Что пришел Ваня — было понятно. Они уже приехали давно из своего политотдела, который был где-то в ЦЧО (тогда была такая область — Центральная Черноземная). Я очень хорошо помню их приезд, потому что у них родился маленький сын и они его разворачивали у нас в столовой на столе и всем показывали. Теперь они жили вчетвером в Доме правительства — четвертым был старший сын Муси — Вилен. Он был не Анчишкин, а Машинский, чуть меня старше, немного надутый и немного испуганный. Я с ним не дружила, хотя с ним было интересно, потому что он читал хорошие книги, про которые мы разговаривали. Я видела, что он не любит Ваню, а Ваня не любит его. Это было странно, потому что я всегда видела Ваню веселым, каким-то удачливым, особенно это чувствовалось после политотдела, и, хотя он не казался мне добрым, как Лева Алин, Бронич или Степа Коршунов, плохим я его не считала. Позже я стала относиться к нему как-то настороженно, потому что в шестом или, наверное, седьмом классе стала ощущать в том, как он смотрит на меня. что-то сковывающее, неприятное, такое же липкое, что ли, как взгляды чужих мужчин на улице, когда они смотрели на Елку, мою подружку, высокую, полногрудую, очень хорошенькую, с виду совсем «взрослую».

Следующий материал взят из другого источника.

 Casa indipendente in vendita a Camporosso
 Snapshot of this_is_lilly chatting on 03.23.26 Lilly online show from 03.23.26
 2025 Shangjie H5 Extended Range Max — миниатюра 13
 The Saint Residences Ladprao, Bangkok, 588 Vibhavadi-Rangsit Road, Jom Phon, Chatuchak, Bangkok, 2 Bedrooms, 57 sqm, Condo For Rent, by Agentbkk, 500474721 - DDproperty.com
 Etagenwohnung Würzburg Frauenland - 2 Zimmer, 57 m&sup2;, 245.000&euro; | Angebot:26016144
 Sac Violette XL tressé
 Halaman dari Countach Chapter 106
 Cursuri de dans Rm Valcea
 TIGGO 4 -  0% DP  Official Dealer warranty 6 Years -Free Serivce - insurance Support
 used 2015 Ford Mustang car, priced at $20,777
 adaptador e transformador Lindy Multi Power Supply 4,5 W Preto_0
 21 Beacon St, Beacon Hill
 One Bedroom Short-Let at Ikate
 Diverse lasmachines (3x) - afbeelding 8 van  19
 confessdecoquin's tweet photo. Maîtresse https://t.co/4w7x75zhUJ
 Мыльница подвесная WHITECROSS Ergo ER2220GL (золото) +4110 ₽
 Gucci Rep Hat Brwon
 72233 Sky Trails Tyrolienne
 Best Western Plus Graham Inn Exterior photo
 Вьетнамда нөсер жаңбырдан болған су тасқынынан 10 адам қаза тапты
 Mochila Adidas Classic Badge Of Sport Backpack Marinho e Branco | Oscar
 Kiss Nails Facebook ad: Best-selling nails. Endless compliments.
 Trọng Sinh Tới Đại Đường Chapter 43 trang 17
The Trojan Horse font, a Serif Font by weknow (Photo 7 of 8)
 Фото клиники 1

Но вот откуда в тот вечер взялись Маня и Алеша, мне непонятно. Мне кажется, тогда они жили в Мариуполе, где Маня была парторгом на заводе Азовсталь. Может, были в Москве в командировке? А может, я путаю время и они еще не уехали в Мариуполь?
Я почти засыпала, сидя со всеми за столом, но раз меня не гнали, то не уходила. А что они говорили — я не помню. Даже кажется, что больше молчали, как мама и папа с самого начала.
И их молчание и сидение было таким — потом я видела много раз, как сидят, когда в доме покойник. Но они все были не только подавленные, какие-то потухшие. Они были как затравленные. Над столом плавали клубы дыма. В комнате горела только одна лампа — бра над телефоном. Мама, когда звала папу ужинать, еще не успела включить верхний свет — у нас была большая, «люксовская», от прежнего времени люстра, а потом, наверное, никто не догадался ее зажечь. Они казались мне подпольщиками. Наверное, если бы постучали и пришли бы царские жандармы их арестовывать, я бы не удивилась. Вышла Батаня, и меня поразило, что никто, даже Алеша, не встал, когда она поздоровалась с ними. Она была в халате, но уже спокойная, как всегда, и сказала: «Немедленно в кровать» — это мне, конечно, а не им. Когда они разошлись, я не знаю.